# Rear window has pitted glass!



## mba200687 (Apr 1, 2012)

I got my new 2012 LTZ last week. I noticed when I cleaning the windows that the rear glass was pitted. Anyone out there experienced this problem? I know that glass melts at 1200F so its possibly from the robot welder during assembly.


----------



## mcg75 (Mar 5, 2012)

The glass is not in the car when welds are being done. If it were, that would mean the car is painted with glass in as well. 
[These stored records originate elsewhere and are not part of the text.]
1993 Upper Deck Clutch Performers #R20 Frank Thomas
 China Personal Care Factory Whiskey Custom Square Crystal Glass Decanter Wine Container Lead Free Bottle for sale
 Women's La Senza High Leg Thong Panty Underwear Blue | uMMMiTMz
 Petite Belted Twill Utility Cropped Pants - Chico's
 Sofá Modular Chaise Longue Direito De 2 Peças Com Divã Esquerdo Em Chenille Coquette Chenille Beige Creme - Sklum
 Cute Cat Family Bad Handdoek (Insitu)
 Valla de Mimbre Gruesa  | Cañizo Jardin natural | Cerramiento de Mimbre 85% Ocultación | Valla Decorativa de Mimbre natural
I'd say you have defective glass and the person that was supposed to inspect it before installation didn't care enough.


----------



## mba200687 (Apr 1, 2012)

Do you think GM would cover the replacement?


----------



## boats4life (May 28, 2011)

I noticed the same thing when I got my tint installed, would this be covered?


----------



## XtremeAaron (Jan 22, 2012)

Can anyone elaborate on how severe/location of the pitted glass, in or out etc. I imagine its on the interior?. Id like to check mine as well. I just ran my hand across and didnt feel anything but its dark and I just did one quick swipe.


----------



## mba200687 (Apr 1, 2012)

The pits are definitely on the outside because I can rub some of it off. I will post a photo if you want to check it out.


----------



## mba200687 (Apr 1, 2012)

I uploaded a photo of my rear window. I'm calling GM tomorrow to see what they say.


----------



## GoldenCruze (Dec 18, 2011)

mba200687 said:


> The pits are definitely on the outside because I can rub some of it off. I will post a photo if you want to check it out.


"rub some of it off?" That's not a pit. Most likely tree sap. I had that on my windshield directly front and center at eye level. (Ain't it always that way?) Washing the windshield and car washes didn't remove it. It took some effort and a bit of elbow grease to make it go away.


----------



## chuck5330 (Oct 1, 2011)

We had the same problem on our 2012 LS. Didnt notice until we tinted the back window then the pits turned white. Took it back to Chevy dealership and they replaced it immediately no questions asked. Was only the drivers side half of the back window.


----------



## CHUV (Jun 25, 2011)

chuck5330 said:


> We had the same problem on our 2012 LS. Didnt notice until we tinted the back window then the pits turned white. Took it back to Chevy dealership and they replaced it immediately no questions asked. Was only the drivers side half of the back window.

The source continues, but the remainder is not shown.